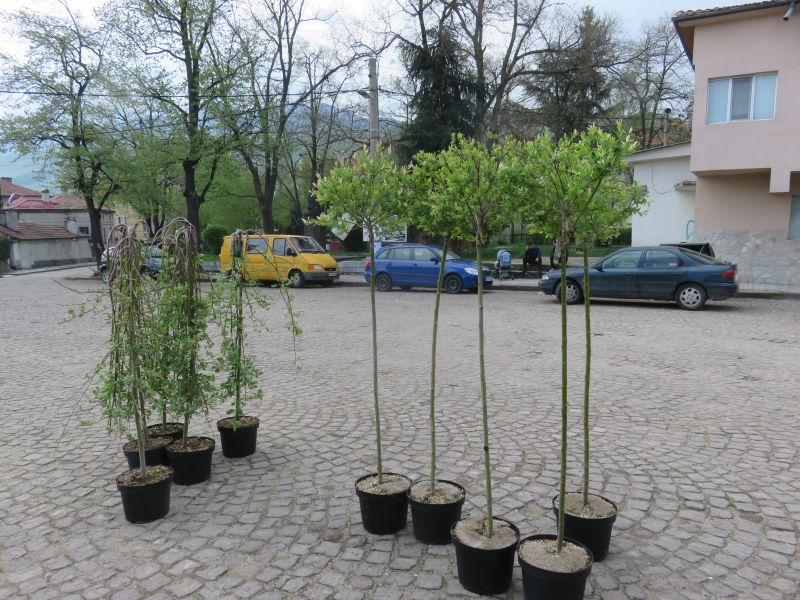 20БИОВЕТ2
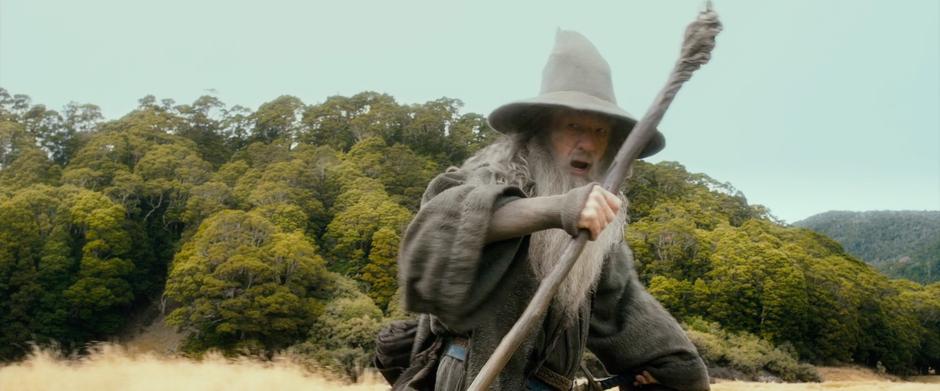 Gandalf leads the company across a field to Beorn's house.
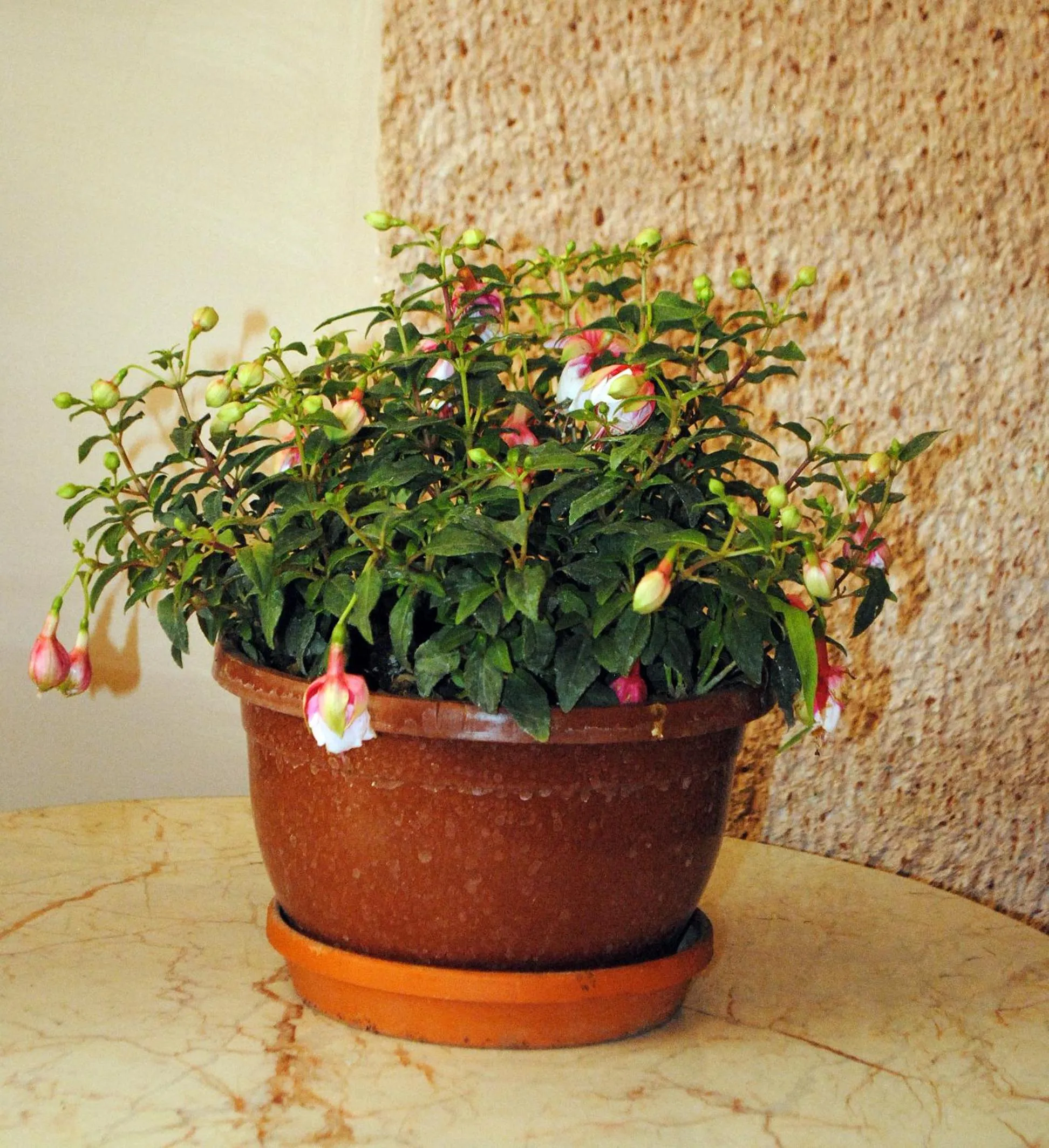 Decorative detail in Hotel Buhara Family Inn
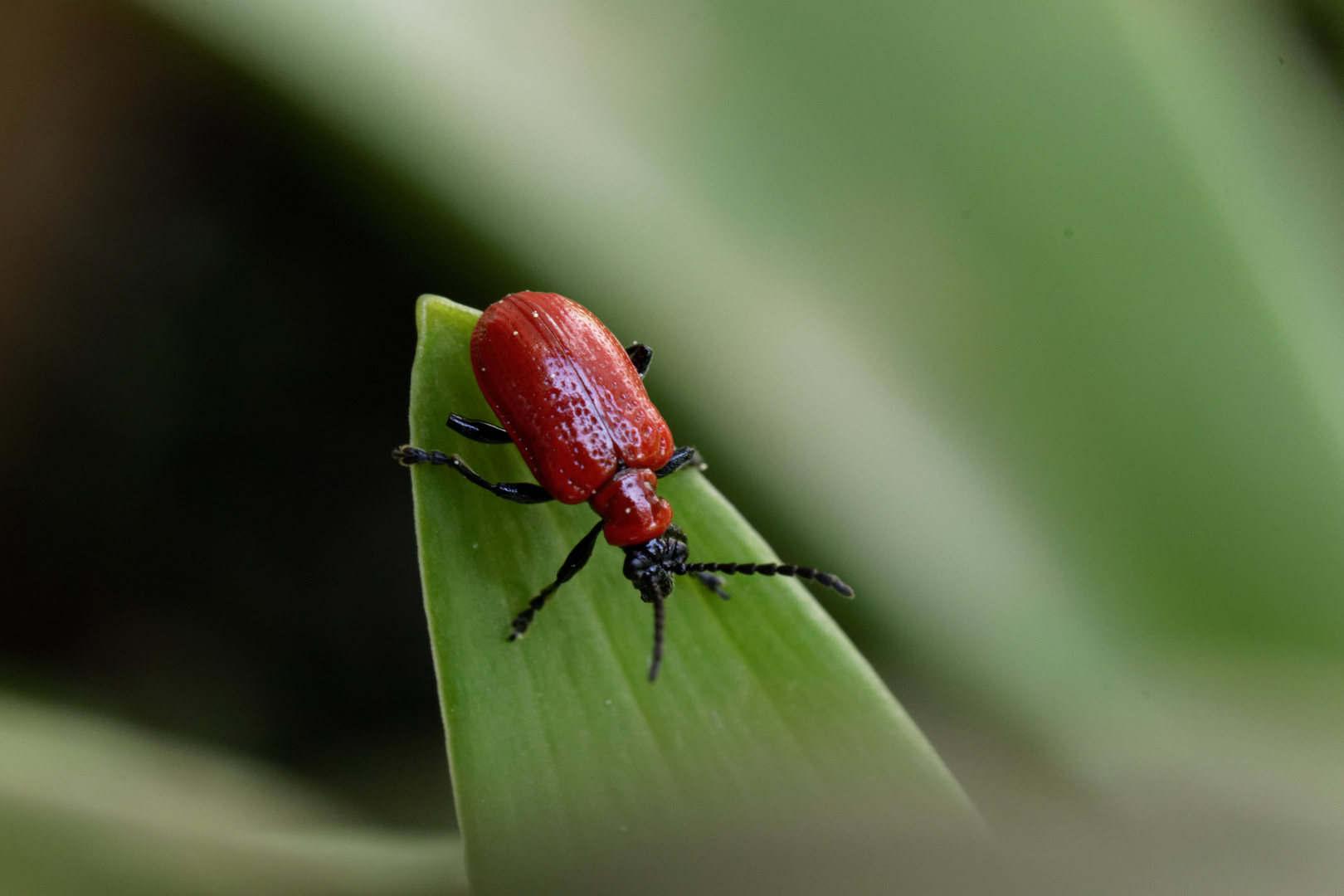 Lilienhähnchen (Lilioceris lilii)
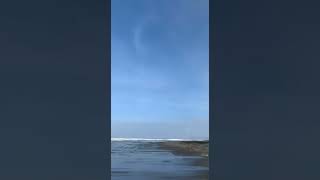 Cindy Musa tiktok short be like ..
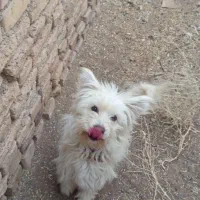 پاپی ماده خشگل معاوضه با عروس هلندی|سگ|تربت جام, شاهد|دیوار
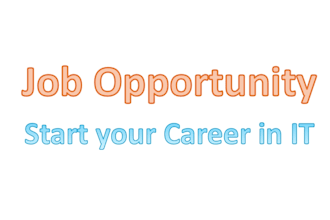 present you fast career in IT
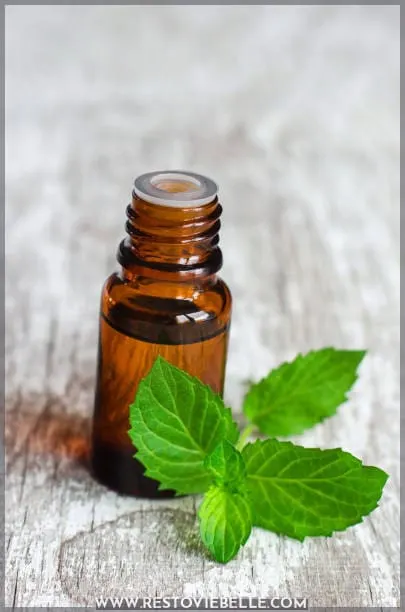 What is Peppermint Oil?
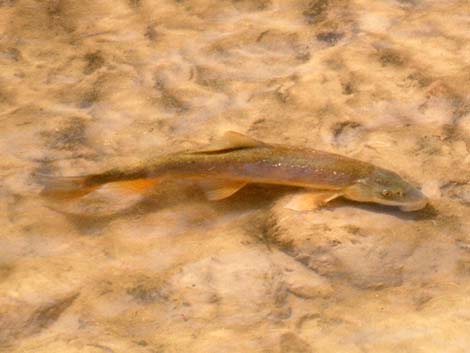 Flannelmouth Sucker (Catostomus latipinnis)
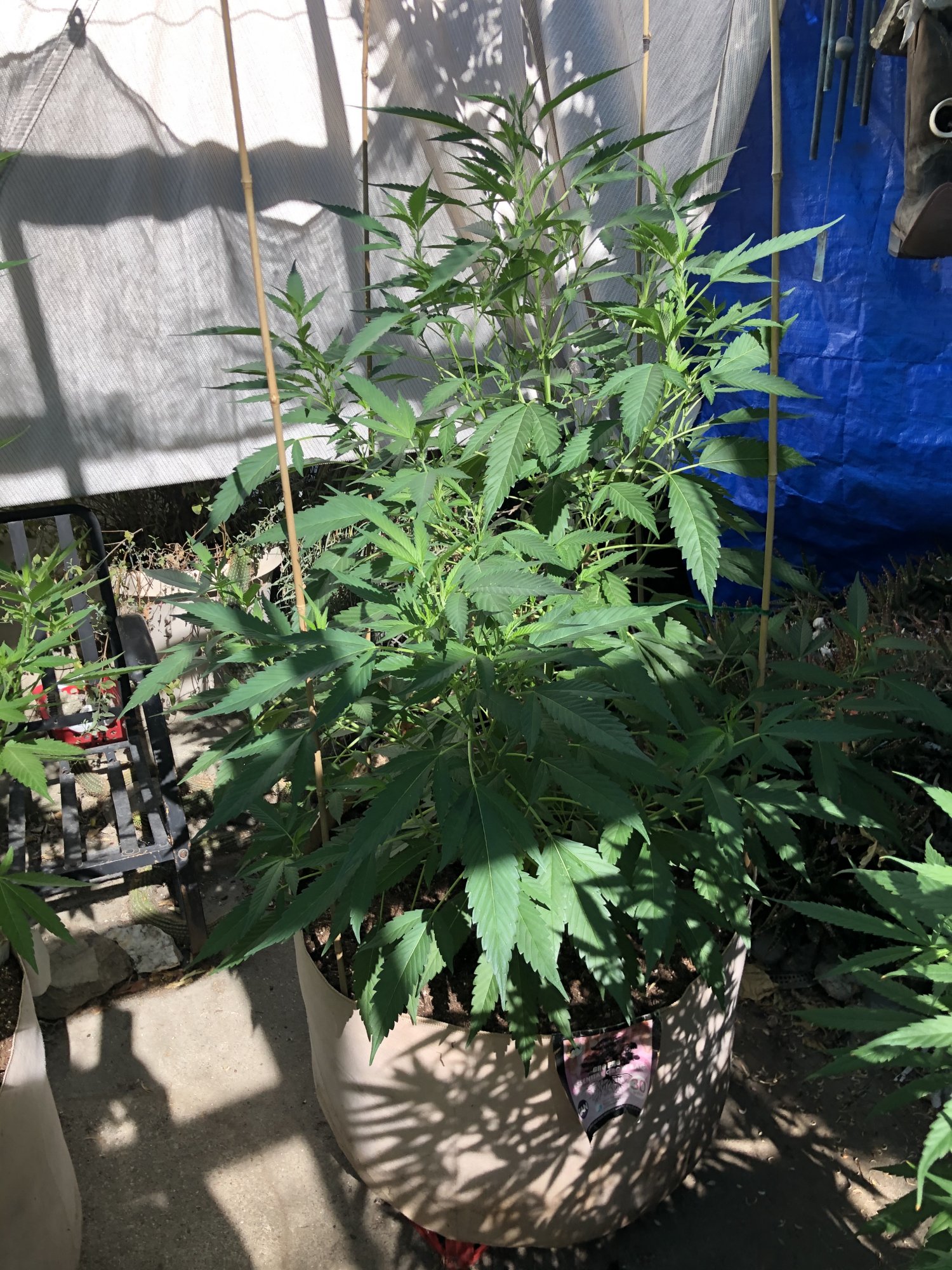 40 days in pots outside and still having fun 6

______________________________

Beginning with the first line of the material above, please output each line exactly through the line that contains "present you fast career in IT", and only those, leaving out pictures.

 20БИОВЕТ2
 Gandalf leads the company across a field to Beorn's house.
 Decorative detail in Hotel Buhara Family Inn
 Lilienhähnchen (Lilioceris lilii)
 Cindy Musa tiktok short be like ..
 پاپی ماده خشگل معاوضه با عروس هلندی|سگ|تربت جام, شاهد|دیوار
 present you fast career in IT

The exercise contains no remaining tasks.